During a visit to Hollywood last week, I wanted to talk to people who knew a thing or two about the film industry’s burgeoning meltdown. One of the people I sought out was Eric Garland, CEO and co-founder of Big Champagne.
Beverly Hills, Calif.,-based Big Champagne has collected data on file-sharing and sold it to media companies for almost 10 years. Garland’s company has survived all that time, even while making the same sad pitch. He tells the music labels and film studios they are going to be chopped down at the knees by the Internet and online piracy—but that doesn’t mean they can’t survive.
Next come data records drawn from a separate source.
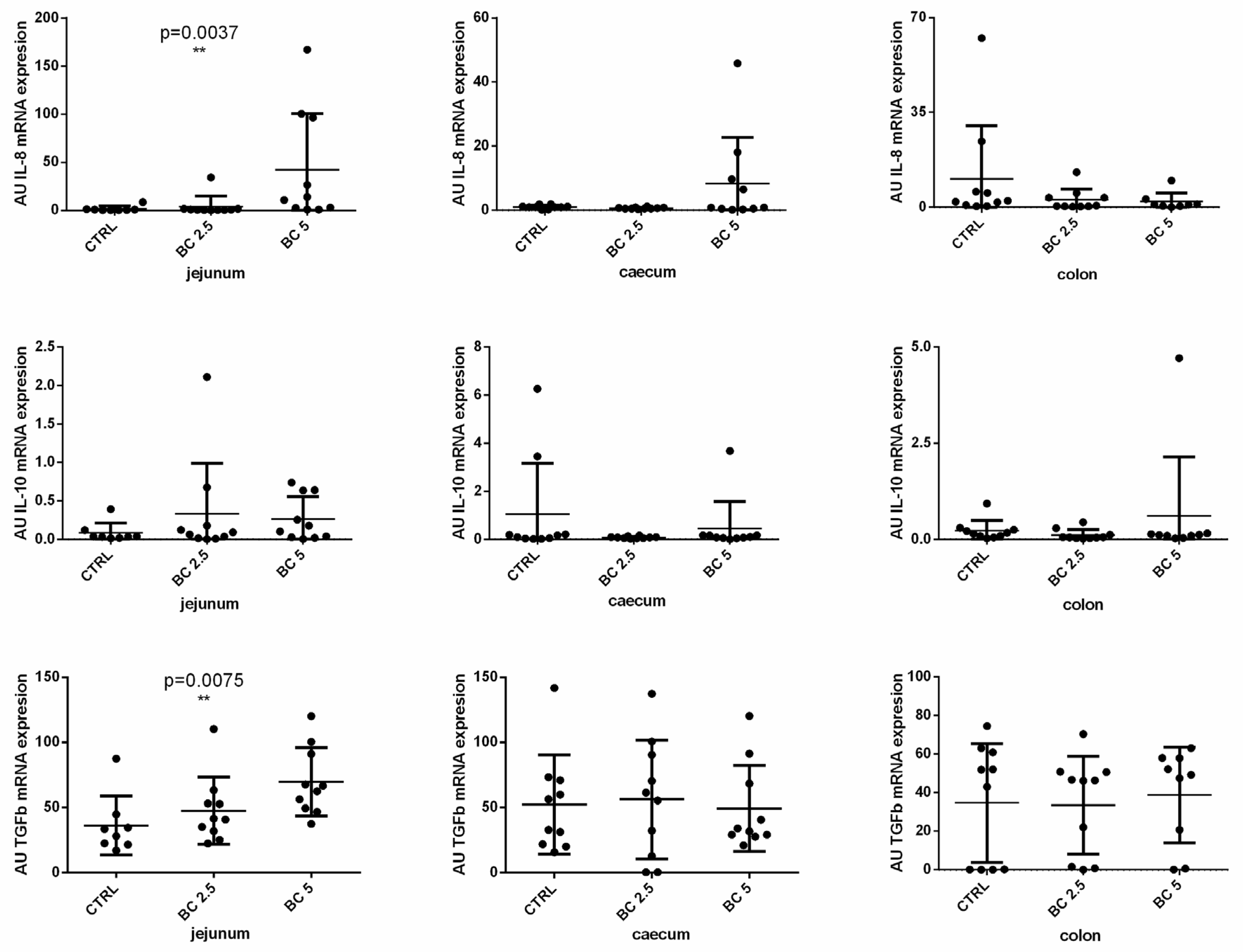 Animals 14 00800 g001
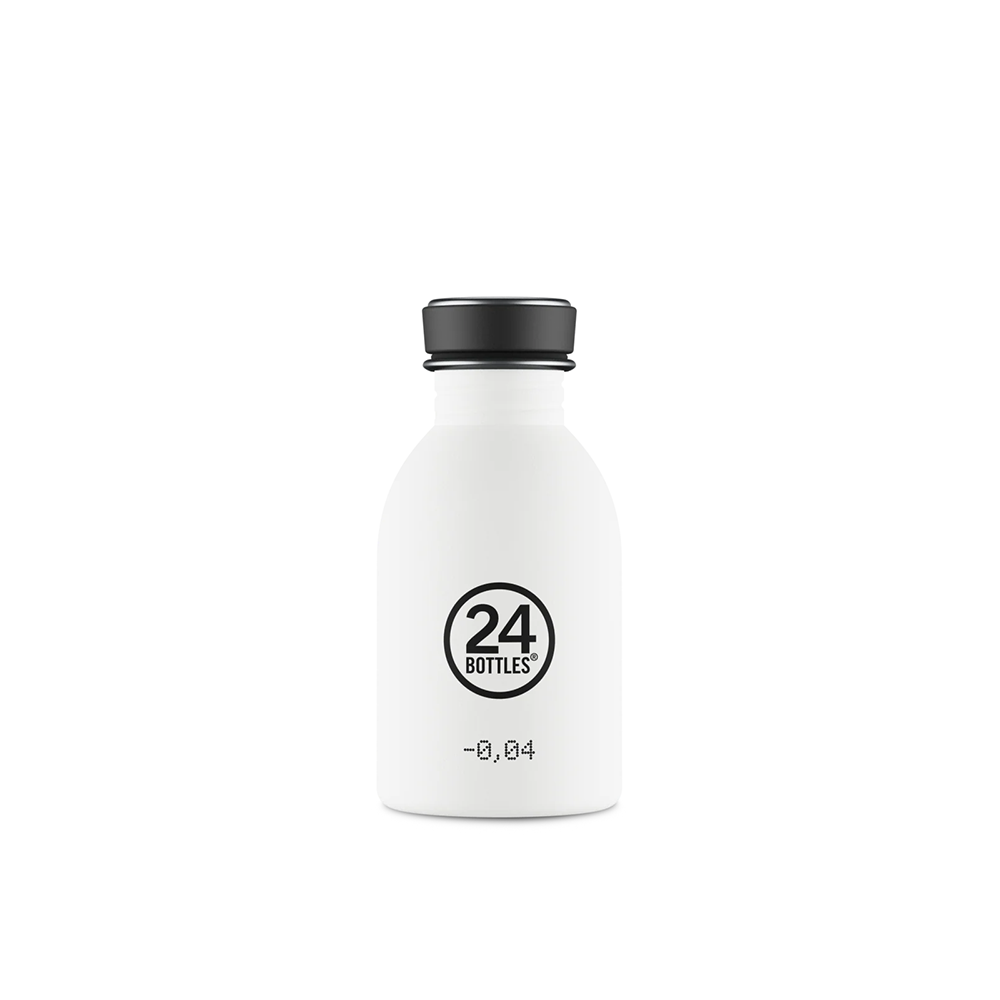 Urban Bottle 250ml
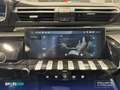 Peugeot 508 SW 1.2 PureTech S&S Allure EAT8 130 Bleu - thumbnail 14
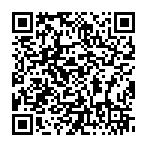 www.house-info.tw房屋網-關西鎮透天別墅-QRCode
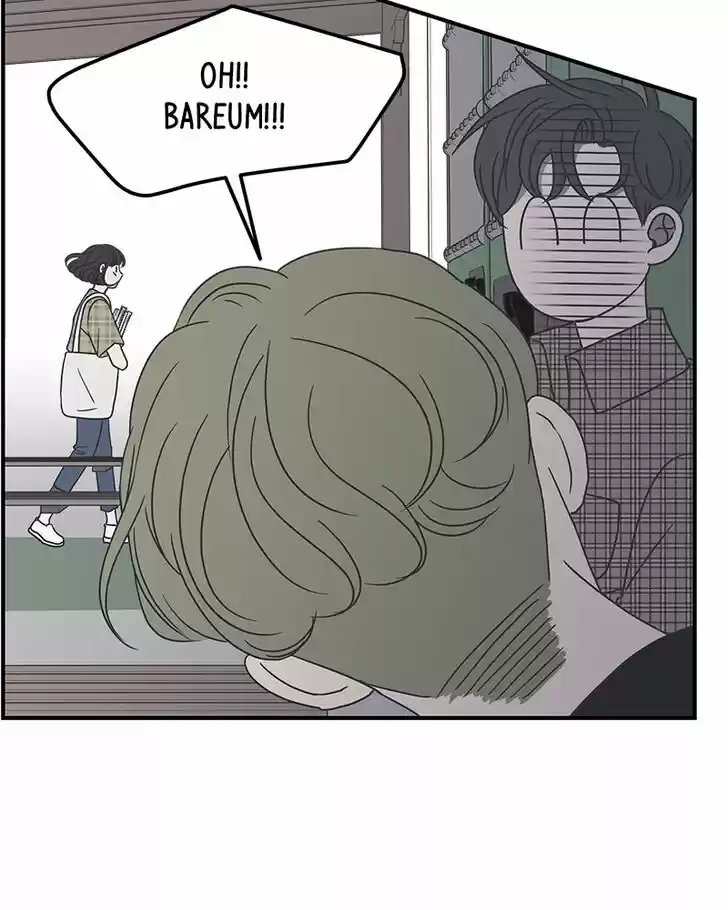 Read Romance 101 Manga Online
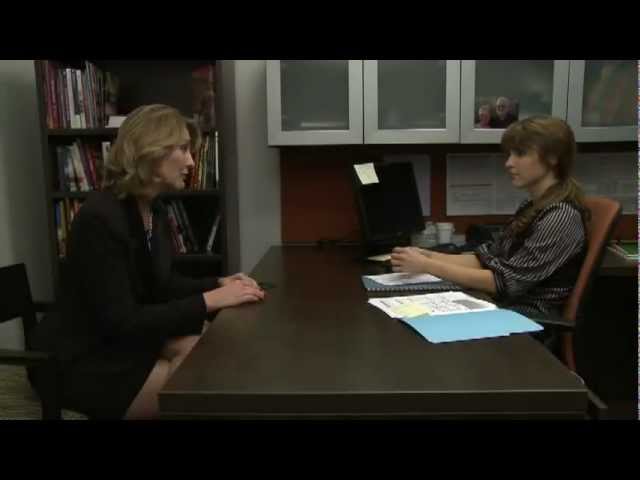 Running Inside Out Official Movie Trailer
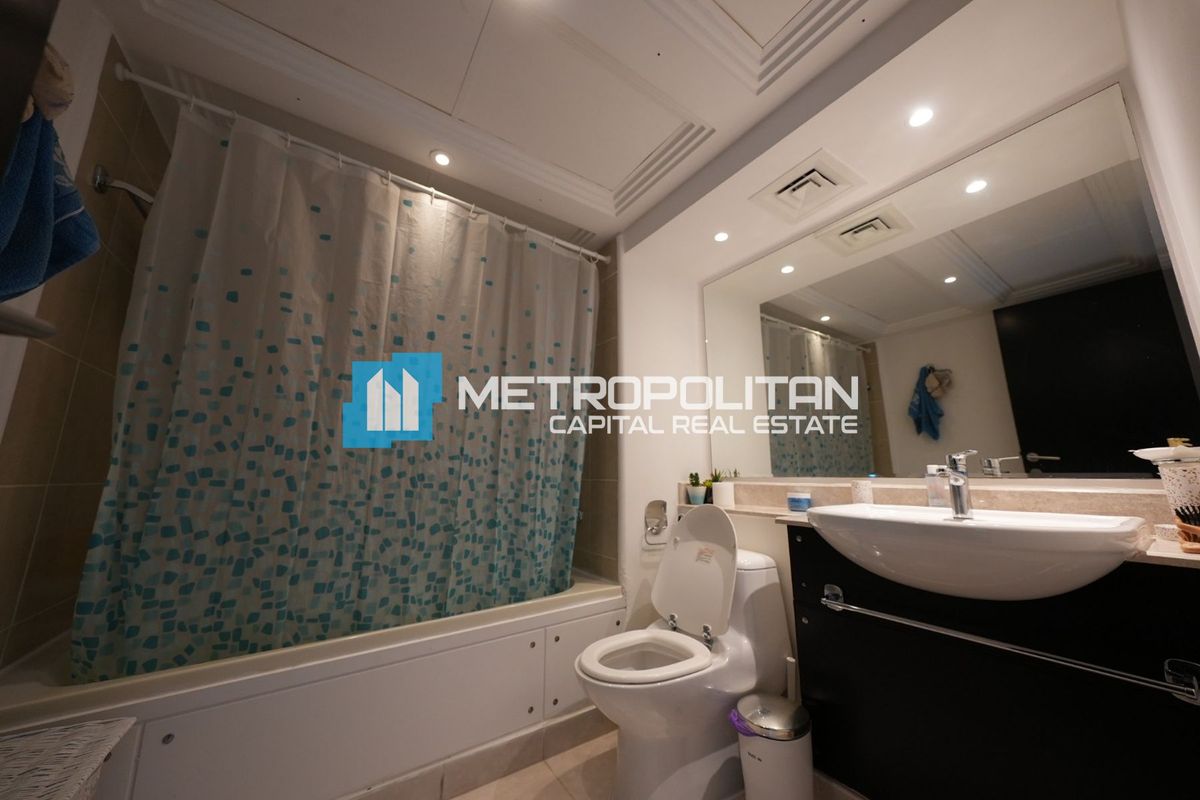 Image - Contemporary Style, Al Reef, Abu Dhabi | Project - Villa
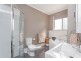 15/2a First Street, Brompton SA 5007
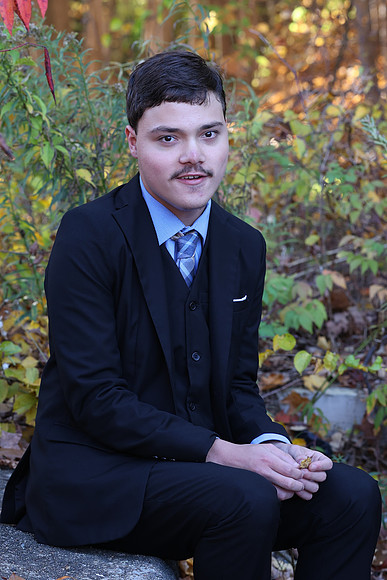 CHASE _0107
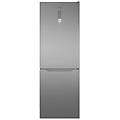 TEKA - frigorifero combinato nfl 345 c total no frost classe e capacità netta 310 litri colore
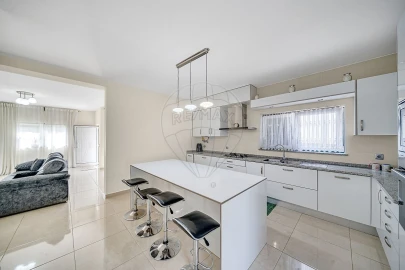 Moradia T2 para Venda em Santo Andre de Vagos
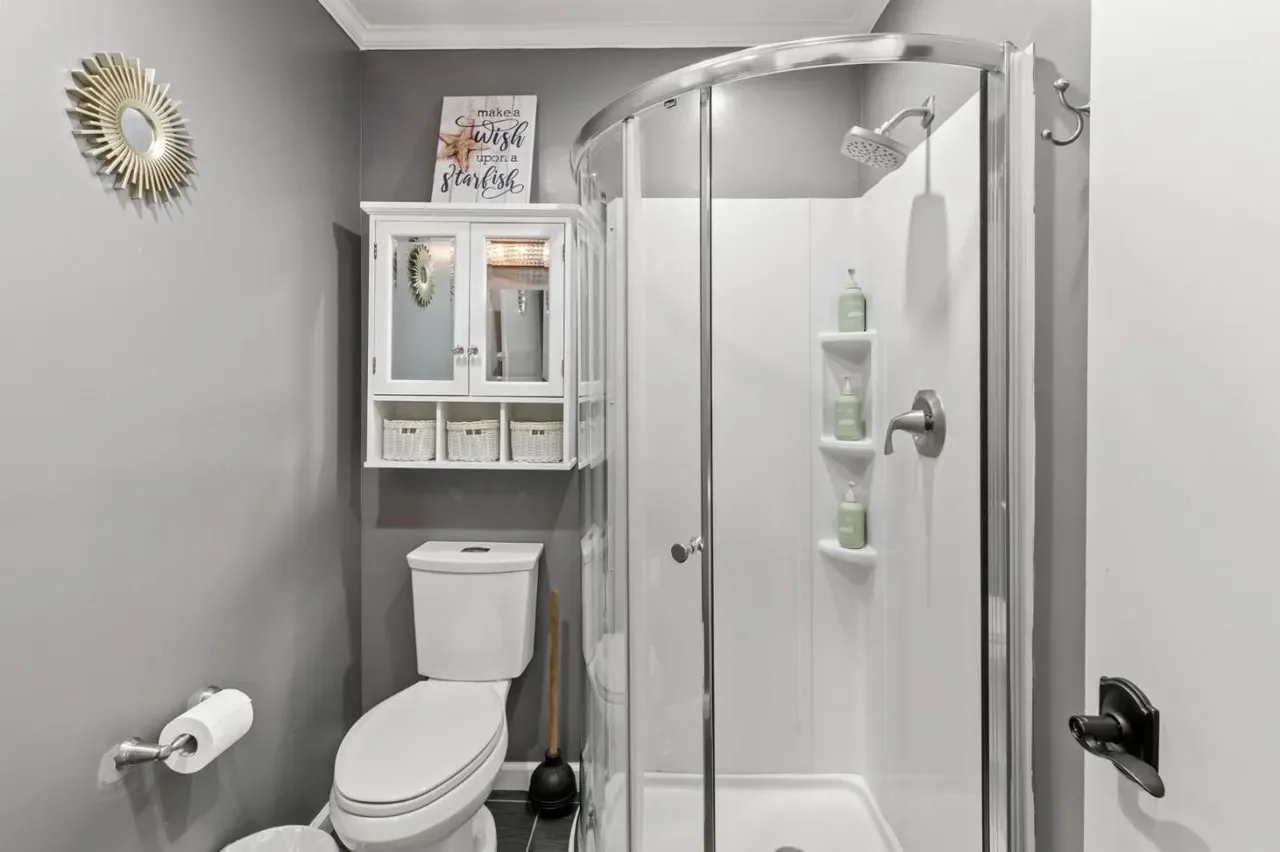 1 Sequoia Way 020.webp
As anyone might have guessed, almost everybody in media initially told Big Champagne to stick a cork in it. Back in the early part of the decade, nobody wanted to hear it, and Garland logged lots of five-minute meetings. Thanks to his persistence, though, he saw up close how digital technology buffeted the music industry. Now, some of the big labels are striking partnerships with his company.
What makes Garland an important speaker on this subject is that despite his gloomy message, he’s bullish on both the Internet and movies. His interests and Hollywood’s are aligned, he says, because if the studios don’t survive then he loses customers. He wants them to do well but he just doesn’t think that telling them what they want to hear, the “bedtime stories” as he calls it, is going to help.